Paul Köchli

Personal information
- Born: April 22, 1947 (age 78) Basel

Team information
- Discipline: Road

Professional teams
- 1967: Tigra-Grammont
- 1969: Frimac-Viva-de Gribaldy

Managerial teams
- 1984-1987: La Vie Claire
- 1988-1992: Weinmann-La Suisse

= Paul Köchli =

Swiss cyclist

Paul Köchli is a former bicycle racer and cycling coach from Switzerland, born April 22, 1947, in Basel.

==Biography==
Köchli became a professional bike racer in 1967, riding for the Swiss Tigra-Grammont team. In 1968, he rode in the Tour de France in the bi-national Swiss/Luxembourgish team.

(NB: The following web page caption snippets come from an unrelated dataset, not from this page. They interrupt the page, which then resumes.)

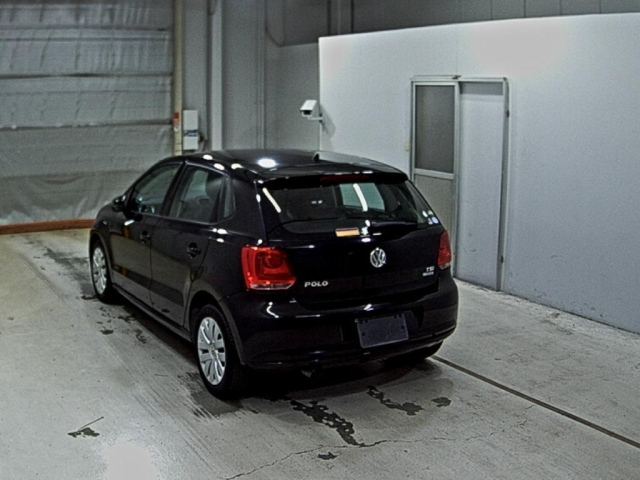 VOLKSWAGEN POLO 2014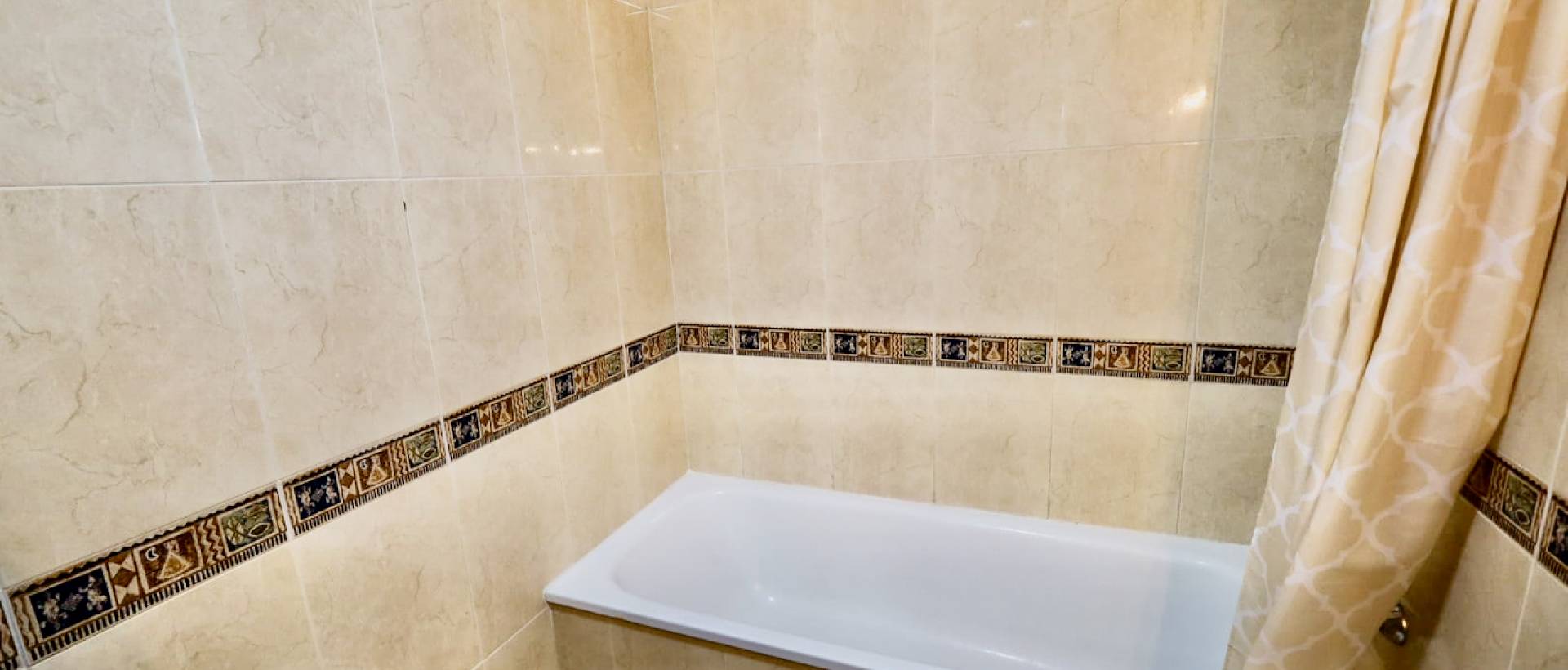 Reventa - Apartmento - Torrevieja - Aguas Nuevas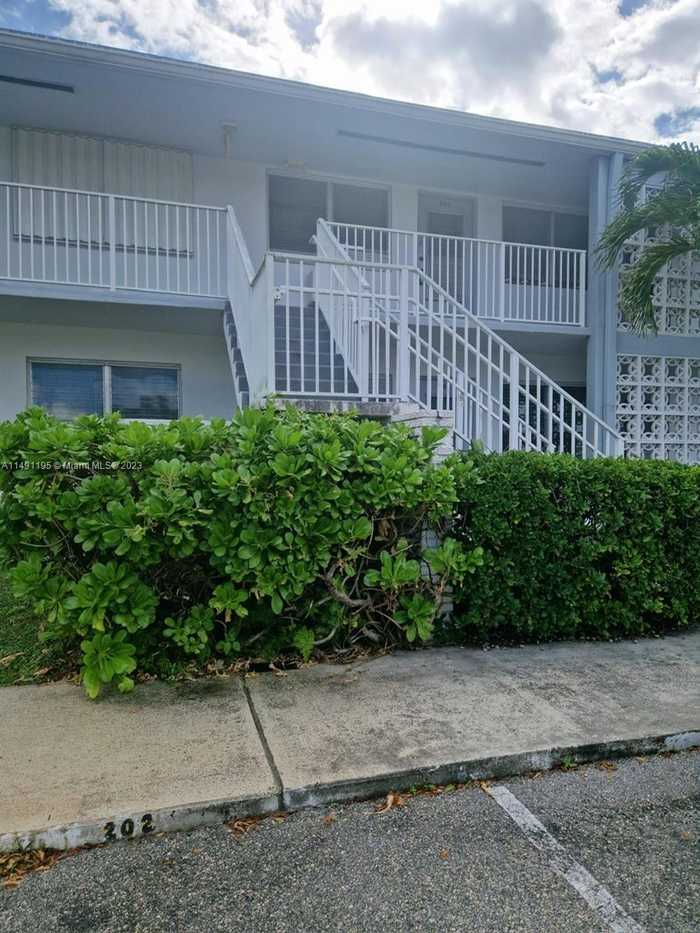 photo 1: 2020 NE 51st Ct Unit 202, Fort Lauderdale FL 33308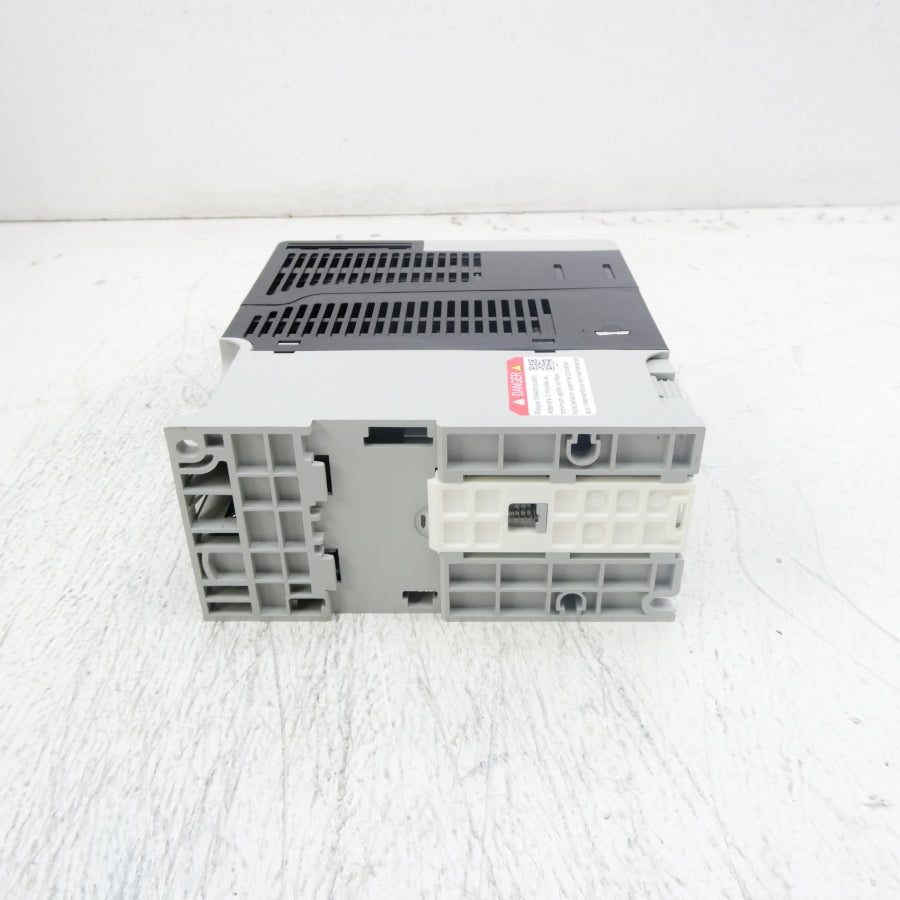 ALLEN BRADLEY 25B-D6P0N104 SER. A F/W 7.001 323-528VAC 6.0A NSMP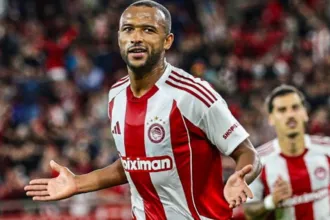 Ο Ελ Κααμπί σε προπόνηση του Ολυμπιακού, εν μέσω φημών για μεταγραφή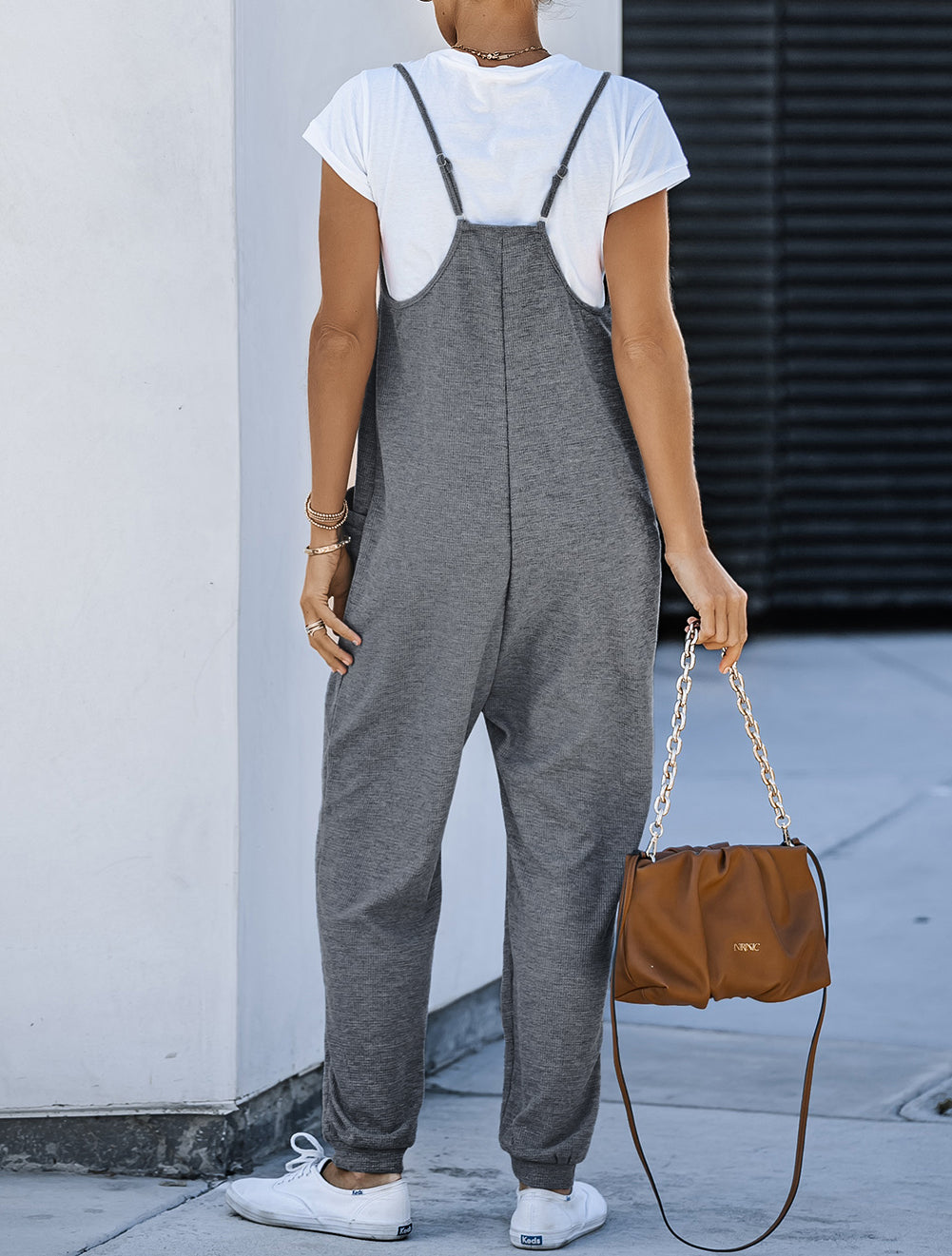 Textured Sleeveless V-Neck Pocketed Casual Jumpsuit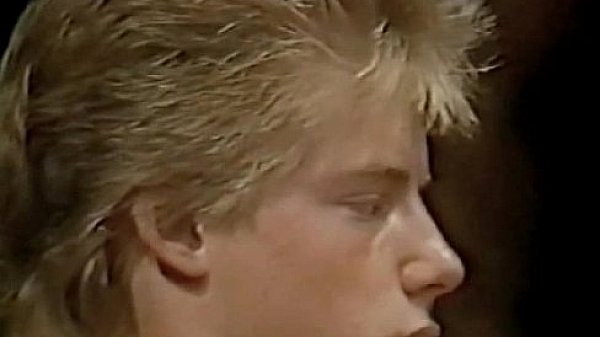 Bareback Sex In The Mirrors 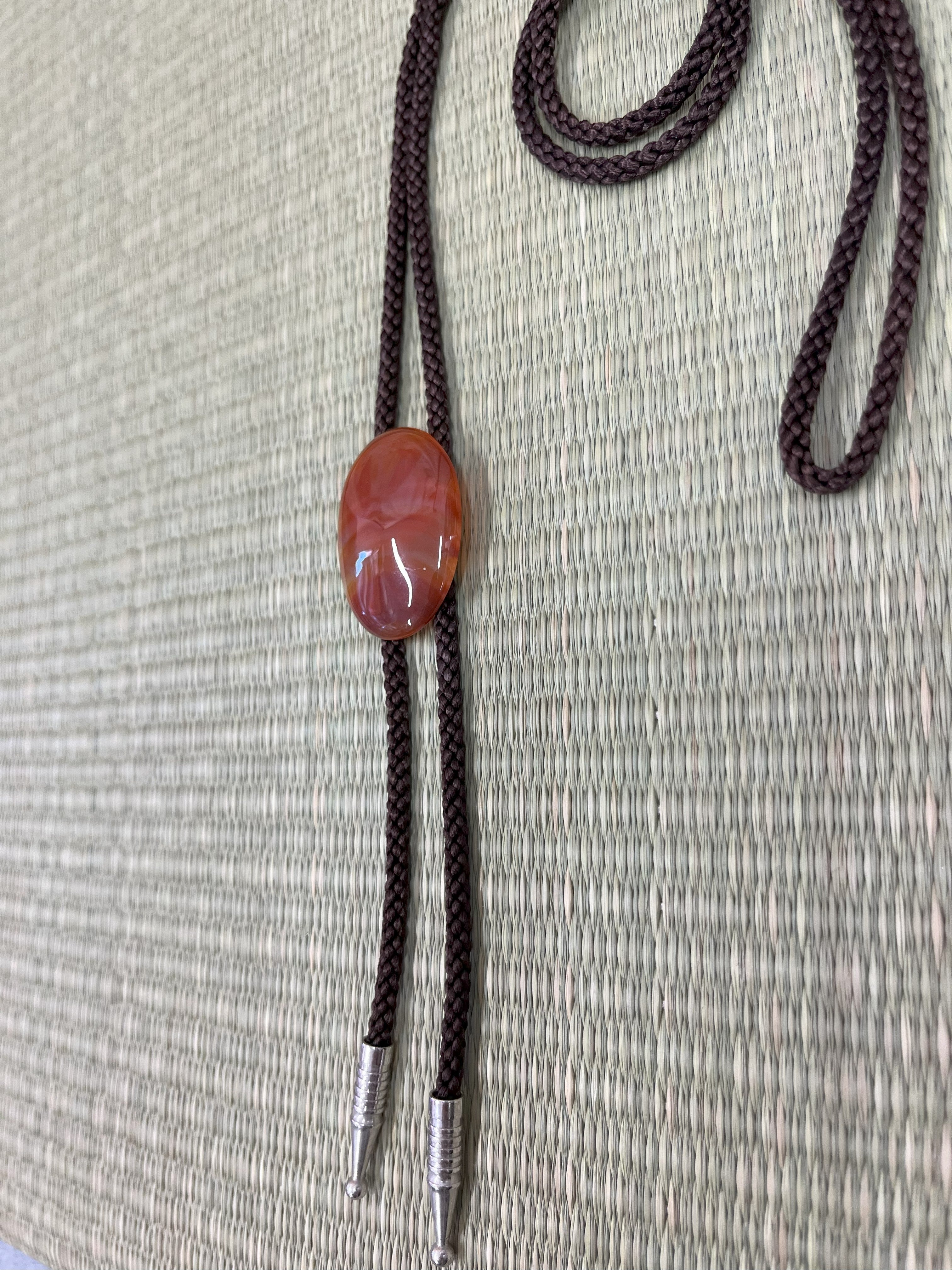 ◆KM028 ループタイ 天然石 オレンジ ネックレス ペンダント ヴィンテージ アクセサリー 首飾り 昭和レトロ 装飾品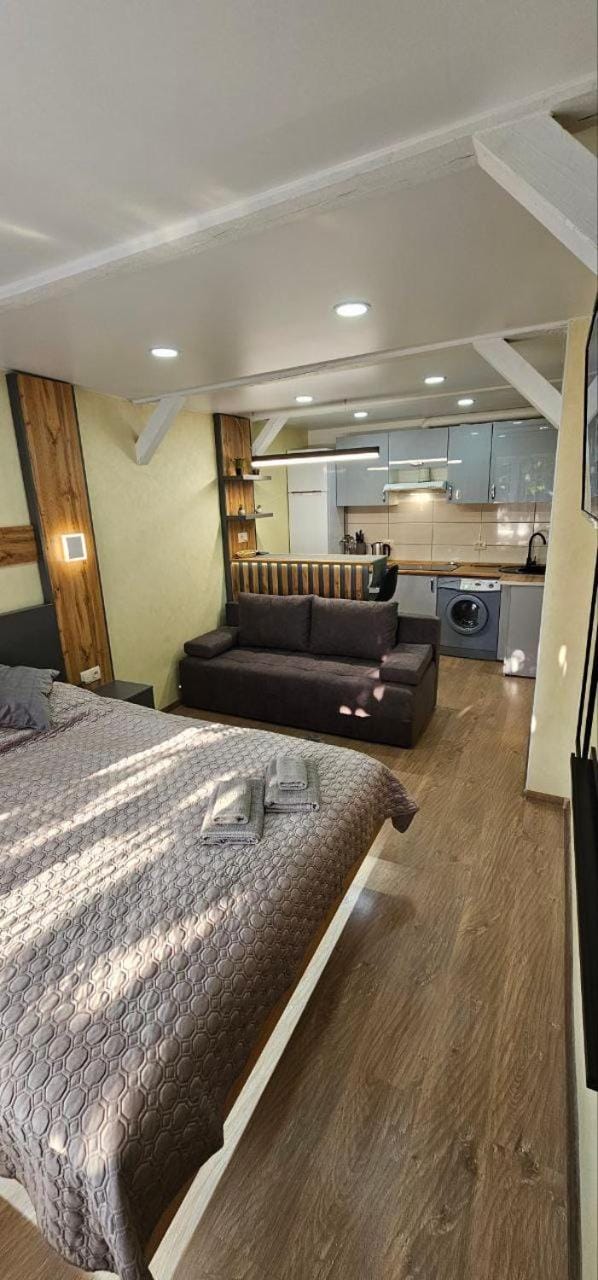 Апартаменти на Лесі Українки Центр 5хв Старе місто Парк Apartment in Ukraine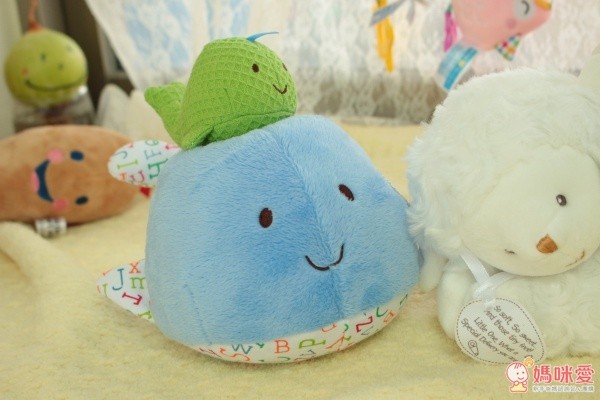 美國 Kids Preferred 親子旋轉音樂玩偶：鯨魚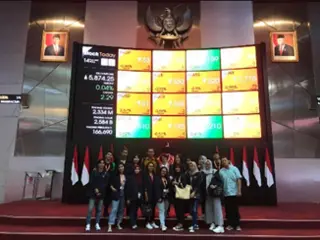 Dokumentasi kunjungan ke bursa efek indonesia 02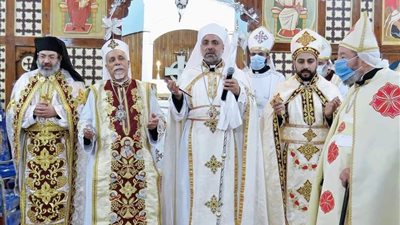 مطران الأقصر يمنح رتبة القنصلية لبعض كهنة الايبارشية 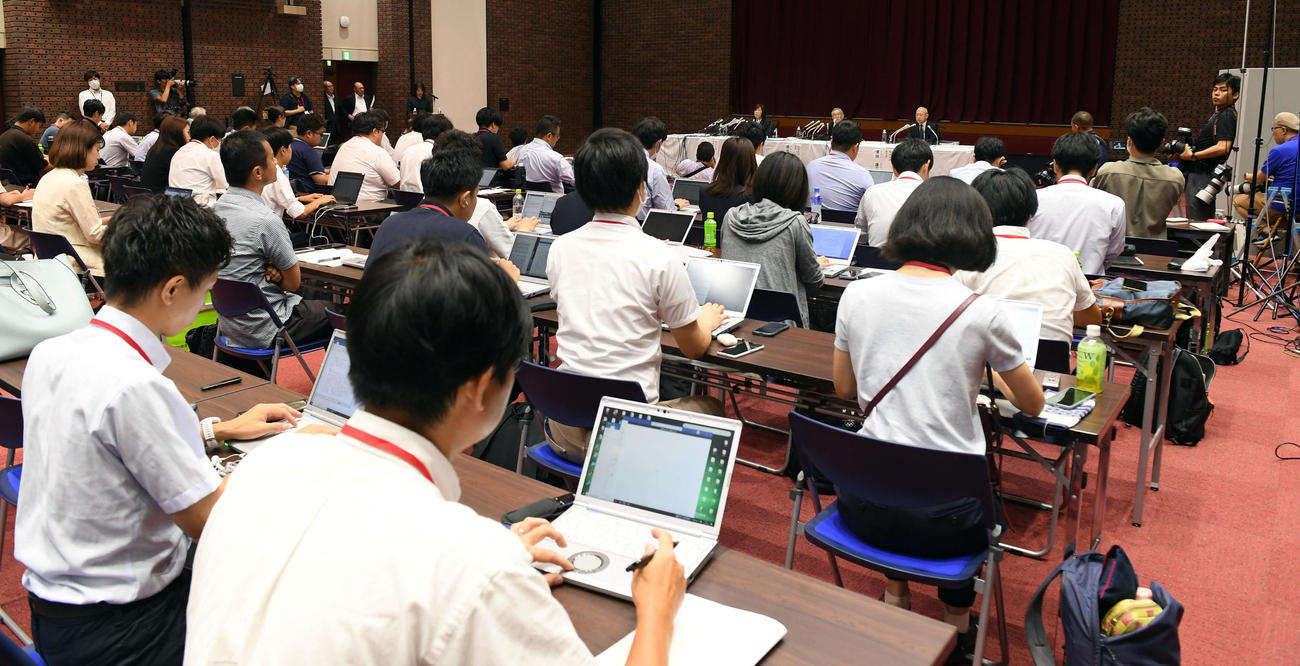 会見に集まった報道陣（撮影・たえ見朱実）
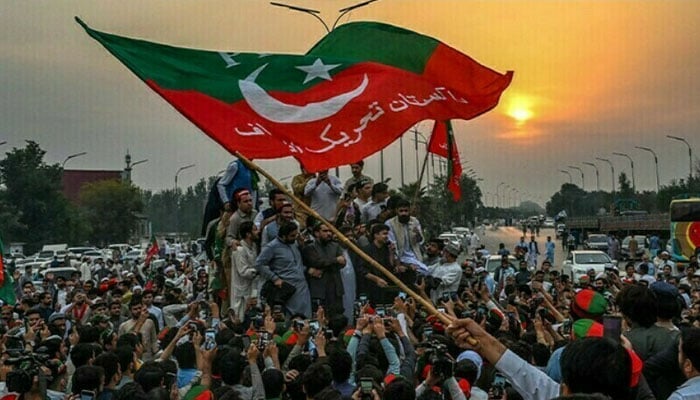 عمران خان نے عالمی حالات کے باعث احتجاجی تحریک موخر کر دی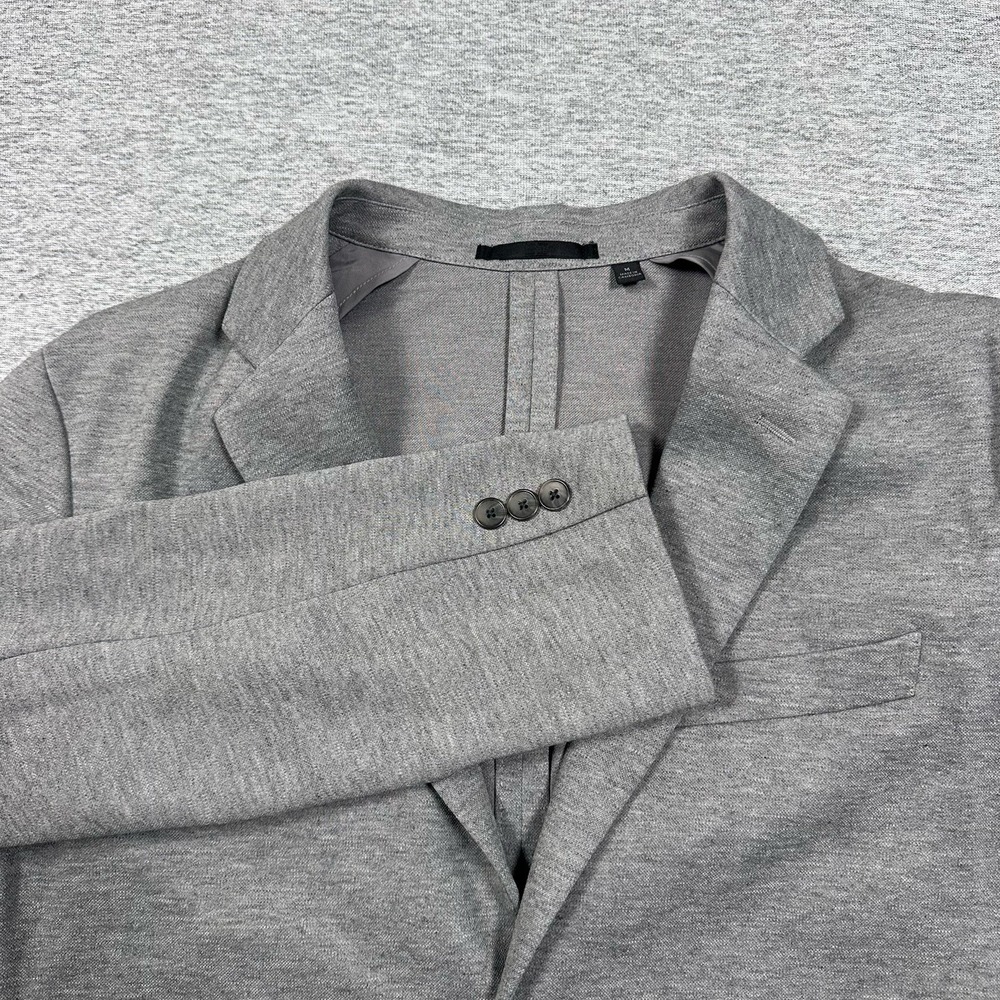Uniqlo Blazer Mens Medium Gray Two Button Unstructured City Travel Jacket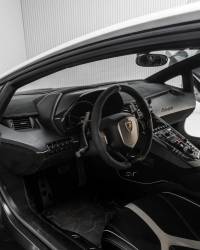 2017 Lamborghini Aventador LP 750-4 SV Coupé for sale in Dubai — photo 5 of 13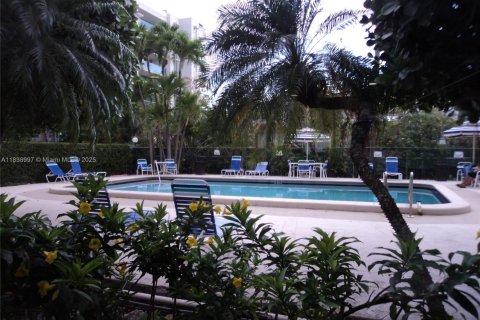 Condo in Bay Harbor Islands, Florida, 2 bedrooms № 1961974 - photo 27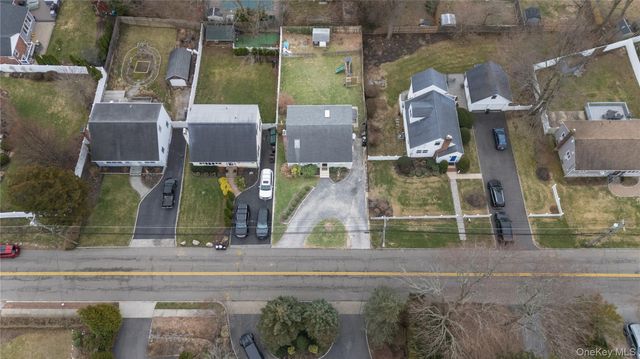 62 Smith Street, Greenlawn, NY 11740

Then, in 1969, he rode in Jean de Gribaldy's team, Frimac-Viva-de Gribaldy.

He was the coach of the La Vie Claire team from 1984 to 1987, having been asked for specifically by Bernard Hinault, with whom he wrote a training book for amateur cyclists. With the La Vie Claire team, he won two Tours de France, thanks to the victories of Bernard Hinault and Greg LeMond.

From 1988 to 1992, he was the head of the Weinmann-La Suisse team, which became Helvetia.